This FireStarter is more of a real conversation starter than a definitive statement designed to rile everyone up.

Over the past couple months I’ve talked with a few organizations – some of them quite large – deploying full disk encryption for laptops but skipping the pre-boot environment.

For those of you who don’t know, nearly every full drive encryption product works by first booting up a mini-operating system. The user logs into this mini-OS, which then decrypts and loads the main operating system. This ensures that nothing is decrypted without the user’s credentials.

It can be a bit of a problem for installing software updates, because if the user isn’t logged in you can’t get to the operating system, and if you kick off a reboot after installing a patch it will stall at pre-boot. But every major product has ways to manage this. Typically they allow you to set a “log in once” flag to the pre-boot environment for software updates, but there are a couple others ways to deal with it. I consider this problem essentially solved, based on the user discussions I’ve had.

Another downside is that users need to log into pre-boot before the operating system. Some organizations deploy their FDE to require two logins, but many more synchronize the user’s Windows credentials to the pre-boot, then automatically log into Windows (or whatever OS is being protected). Both seem fine to me, and one of the differentiators between various encryption products is how well they handle user support, password changes, and other authentication issues in pre-boot.

But I’m now hearing of people deploying a FDE product without using pre-boot.
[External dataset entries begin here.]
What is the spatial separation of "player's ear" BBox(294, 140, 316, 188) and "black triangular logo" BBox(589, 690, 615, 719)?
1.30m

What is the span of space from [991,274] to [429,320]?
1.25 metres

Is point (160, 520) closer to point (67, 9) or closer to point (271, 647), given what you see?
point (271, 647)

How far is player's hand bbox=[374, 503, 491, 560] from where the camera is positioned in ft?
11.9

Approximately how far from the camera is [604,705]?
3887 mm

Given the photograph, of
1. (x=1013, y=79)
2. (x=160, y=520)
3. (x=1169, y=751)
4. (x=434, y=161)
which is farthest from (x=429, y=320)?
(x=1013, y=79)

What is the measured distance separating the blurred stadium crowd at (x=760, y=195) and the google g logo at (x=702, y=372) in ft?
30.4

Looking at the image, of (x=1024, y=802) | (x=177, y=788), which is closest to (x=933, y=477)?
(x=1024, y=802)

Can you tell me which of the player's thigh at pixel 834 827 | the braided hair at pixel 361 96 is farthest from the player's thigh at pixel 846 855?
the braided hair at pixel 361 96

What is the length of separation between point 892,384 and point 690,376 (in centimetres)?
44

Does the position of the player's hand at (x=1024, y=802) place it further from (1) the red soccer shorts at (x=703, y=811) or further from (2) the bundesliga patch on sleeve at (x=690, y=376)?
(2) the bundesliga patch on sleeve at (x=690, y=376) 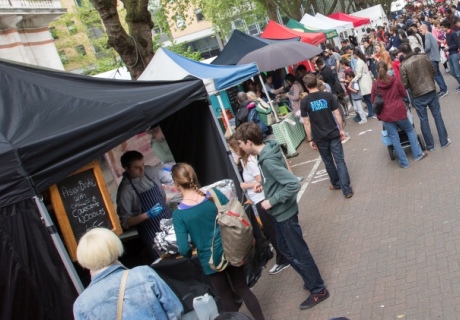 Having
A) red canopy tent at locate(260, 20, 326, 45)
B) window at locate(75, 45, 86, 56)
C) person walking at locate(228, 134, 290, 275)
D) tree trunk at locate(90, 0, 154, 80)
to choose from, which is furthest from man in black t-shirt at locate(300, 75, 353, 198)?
window at locate(75, 45, 86, 56)

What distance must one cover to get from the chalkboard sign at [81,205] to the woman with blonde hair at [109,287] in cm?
155

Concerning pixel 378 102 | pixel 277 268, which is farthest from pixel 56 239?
pixel 378 102

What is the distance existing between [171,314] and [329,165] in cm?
558

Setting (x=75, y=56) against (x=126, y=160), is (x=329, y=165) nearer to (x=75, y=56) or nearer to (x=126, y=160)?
(x=126, y=160)

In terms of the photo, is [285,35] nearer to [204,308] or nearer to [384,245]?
[384,245]

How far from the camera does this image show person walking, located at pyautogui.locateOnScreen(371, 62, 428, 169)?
828 centimetres

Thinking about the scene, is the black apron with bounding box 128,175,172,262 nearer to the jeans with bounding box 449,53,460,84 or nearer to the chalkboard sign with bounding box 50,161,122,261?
the chalkboard sign with bounding box 50,161,122,261

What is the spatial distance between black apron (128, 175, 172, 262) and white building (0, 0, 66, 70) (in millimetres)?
16631

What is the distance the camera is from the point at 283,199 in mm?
4844

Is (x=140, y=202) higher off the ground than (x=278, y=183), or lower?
higher

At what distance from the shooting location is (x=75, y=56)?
4262 centimetres

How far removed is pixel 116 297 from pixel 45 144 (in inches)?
58.5

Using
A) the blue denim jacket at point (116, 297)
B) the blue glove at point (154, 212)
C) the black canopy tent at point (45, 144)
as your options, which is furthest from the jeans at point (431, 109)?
the blue denim jacket at point (116, 297)

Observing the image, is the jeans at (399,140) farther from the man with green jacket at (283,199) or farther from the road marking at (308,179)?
the man with green jacket at (283,199) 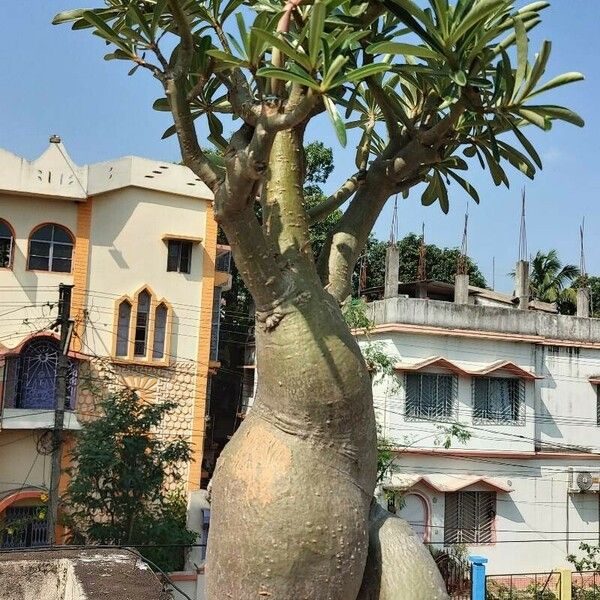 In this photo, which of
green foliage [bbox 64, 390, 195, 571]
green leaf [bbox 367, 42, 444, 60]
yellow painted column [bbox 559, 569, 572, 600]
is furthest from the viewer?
yellow painted column [bbox 559, 569, 572, 600]

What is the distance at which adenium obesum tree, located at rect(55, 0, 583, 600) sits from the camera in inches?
85.8

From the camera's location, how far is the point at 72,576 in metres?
3.86

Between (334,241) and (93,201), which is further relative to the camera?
(93,201)

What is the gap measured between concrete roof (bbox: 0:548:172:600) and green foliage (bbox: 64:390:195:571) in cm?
489

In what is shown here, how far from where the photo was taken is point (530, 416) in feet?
42.3

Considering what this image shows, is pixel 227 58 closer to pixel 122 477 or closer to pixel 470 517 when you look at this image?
pixel 122 477

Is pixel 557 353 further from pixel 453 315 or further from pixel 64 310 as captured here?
pixel 64 310

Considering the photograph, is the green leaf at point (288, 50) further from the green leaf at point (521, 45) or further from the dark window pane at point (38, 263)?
the dark window pane at point (38, 263)

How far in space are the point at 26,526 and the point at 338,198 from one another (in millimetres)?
9622

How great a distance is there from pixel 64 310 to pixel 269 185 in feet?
24.9

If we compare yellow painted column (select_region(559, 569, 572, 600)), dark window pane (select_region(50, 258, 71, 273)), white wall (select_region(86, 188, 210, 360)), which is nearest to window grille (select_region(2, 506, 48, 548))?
white wall (select_region(86, 188, 210, 360))

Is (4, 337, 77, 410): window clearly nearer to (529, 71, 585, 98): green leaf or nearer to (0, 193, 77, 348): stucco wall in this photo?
(0, 193, 77, 348): stucco wall

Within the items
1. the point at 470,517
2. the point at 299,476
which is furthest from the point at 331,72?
the point at 470,517

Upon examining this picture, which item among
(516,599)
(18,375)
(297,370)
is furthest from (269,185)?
(516,599) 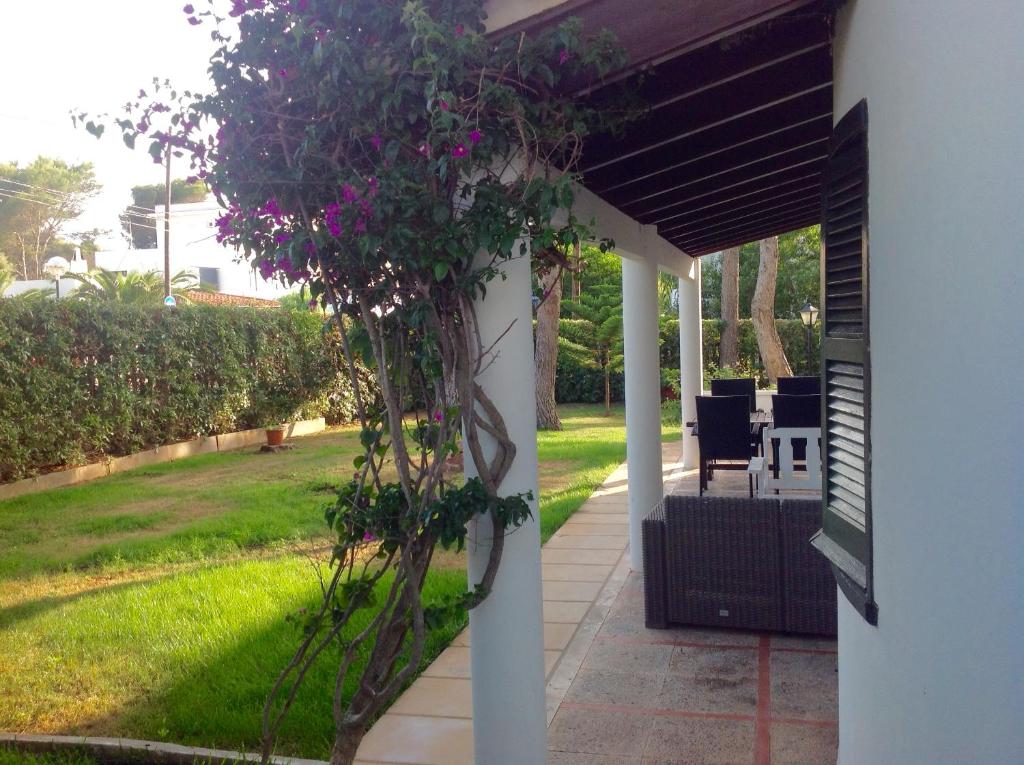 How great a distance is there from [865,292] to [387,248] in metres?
1.49

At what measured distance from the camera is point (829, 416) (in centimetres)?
333

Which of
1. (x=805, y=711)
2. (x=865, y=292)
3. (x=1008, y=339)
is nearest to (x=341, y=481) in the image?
(x=805, y=711)

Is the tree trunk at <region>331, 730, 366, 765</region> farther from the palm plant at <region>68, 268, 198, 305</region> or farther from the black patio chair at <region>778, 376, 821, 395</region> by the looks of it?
the palm plant at <region>68, 268, 198, 305</region>

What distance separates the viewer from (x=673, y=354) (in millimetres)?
22188

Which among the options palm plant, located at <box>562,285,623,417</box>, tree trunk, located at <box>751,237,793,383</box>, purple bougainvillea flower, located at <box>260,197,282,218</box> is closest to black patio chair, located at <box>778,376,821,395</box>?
tree trunk, located at <box>751,237,793,383</box>

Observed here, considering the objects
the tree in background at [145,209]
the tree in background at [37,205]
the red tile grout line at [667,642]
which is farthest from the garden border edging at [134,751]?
the tree in background at [145,209]

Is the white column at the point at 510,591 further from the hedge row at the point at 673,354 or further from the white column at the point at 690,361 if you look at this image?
the hedge row at the point at 673,354

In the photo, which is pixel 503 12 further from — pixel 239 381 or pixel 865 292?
pixel 239 381

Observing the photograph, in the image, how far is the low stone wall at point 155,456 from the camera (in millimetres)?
11156

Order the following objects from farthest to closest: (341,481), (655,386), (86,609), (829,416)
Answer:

Essentially (I think) they reverse the process I just described and automatically log into the pre-boot environment, then have the user log into Windows. I’m not talking about the tricky stuff a near-full-disk-encryption product like Credent uses, but skipping pre-boot altogether.
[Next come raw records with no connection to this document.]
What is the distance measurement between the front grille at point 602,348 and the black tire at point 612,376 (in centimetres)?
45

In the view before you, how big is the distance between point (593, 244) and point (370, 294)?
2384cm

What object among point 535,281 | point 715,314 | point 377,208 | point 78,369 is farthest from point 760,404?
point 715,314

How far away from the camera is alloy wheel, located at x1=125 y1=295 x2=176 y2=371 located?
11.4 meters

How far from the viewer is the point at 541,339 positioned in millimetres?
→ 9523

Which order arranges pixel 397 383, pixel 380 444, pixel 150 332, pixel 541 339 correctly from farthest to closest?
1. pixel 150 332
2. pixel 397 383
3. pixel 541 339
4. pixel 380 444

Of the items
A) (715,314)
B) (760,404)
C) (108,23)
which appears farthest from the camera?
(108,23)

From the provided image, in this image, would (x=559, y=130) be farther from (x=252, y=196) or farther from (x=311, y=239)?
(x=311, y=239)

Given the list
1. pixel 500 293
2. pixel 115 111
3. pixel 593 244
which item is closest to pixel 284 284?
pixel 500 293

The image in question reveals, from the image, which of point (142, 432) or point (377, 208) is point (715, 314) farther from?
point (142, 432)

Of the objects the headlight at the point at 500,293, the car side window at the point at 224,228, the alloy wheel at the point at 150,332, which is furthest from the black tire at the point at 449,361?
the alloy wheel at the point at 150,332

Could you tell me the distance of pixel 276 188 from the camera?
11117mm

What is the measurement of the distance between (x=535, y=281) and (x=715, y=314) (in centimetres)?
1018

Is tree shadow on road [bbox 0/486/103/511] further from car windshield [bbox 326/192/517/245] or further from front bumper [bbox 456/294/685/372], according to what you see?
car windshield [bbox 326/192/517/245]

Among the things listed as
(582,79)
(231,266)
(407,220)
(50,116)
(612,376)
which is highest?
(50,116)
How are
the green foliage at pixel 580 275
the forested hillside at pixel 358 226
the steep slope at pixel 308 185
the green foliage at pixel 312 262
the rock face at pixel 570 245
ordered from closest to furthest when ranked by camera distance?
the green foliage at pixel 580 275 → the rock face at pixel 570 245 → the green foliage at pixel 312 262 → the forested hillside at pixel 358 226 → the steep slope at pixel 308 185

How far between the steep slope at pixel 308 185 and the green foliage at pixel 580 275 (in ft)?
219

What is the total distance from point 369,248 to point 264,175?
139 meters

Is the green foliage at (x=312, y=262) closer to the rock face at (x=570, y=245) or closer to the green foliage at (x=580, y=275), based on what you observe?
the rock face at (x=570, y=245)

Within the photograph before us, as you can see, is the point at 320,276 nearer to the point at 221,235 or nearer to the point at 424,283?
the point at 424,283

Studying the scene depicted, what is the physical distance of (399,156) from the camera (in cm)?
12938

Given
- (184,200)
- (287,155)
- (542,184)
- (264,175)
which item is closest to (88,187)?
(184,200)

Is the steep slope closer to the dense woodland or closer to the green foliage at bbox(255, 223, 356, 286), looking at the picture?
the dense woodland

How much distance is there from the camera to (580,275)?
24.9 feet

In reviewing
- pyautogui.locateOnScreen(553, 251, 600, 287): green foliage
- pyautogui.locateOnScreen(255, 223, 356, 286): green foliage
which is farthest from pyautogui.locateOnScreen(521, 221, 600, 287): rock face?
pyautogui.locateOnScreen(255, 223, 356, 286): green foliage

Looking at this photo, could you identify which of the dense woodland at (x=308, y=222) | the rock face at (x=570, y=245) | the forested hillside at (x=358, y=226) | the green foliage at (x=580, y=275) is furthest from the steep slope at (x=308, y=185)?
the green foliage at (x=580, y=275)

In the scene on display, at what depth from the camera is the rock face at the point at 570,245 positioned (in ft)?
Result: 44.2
This seems fracking insane to me. You somewhat reduce the risk of a forensic evaluation of the drive, but lose most of the benefits of FDE.

In every case, the reason given is, “We don’t want to confuse our users.”

Am I missing something here? In my analysis this obviates most of the benefits of FDE, making it a big waste of cash.

Then again, let’s think about compliance. Most regulations say, “Thou shalt encrypt laptop drives.” Thus, this seems to tick the compliance checkbox, even if it’s a bad idea from a security perspective.

Also, realistically, the vast majority of lost drives don’t result in the compromise of data. I’m unaware of any non-targeted breach where a lost drive resulted in losses beyond the cost of dealing with breach reporting. I’m sure there have been some, but none that crossed my desk.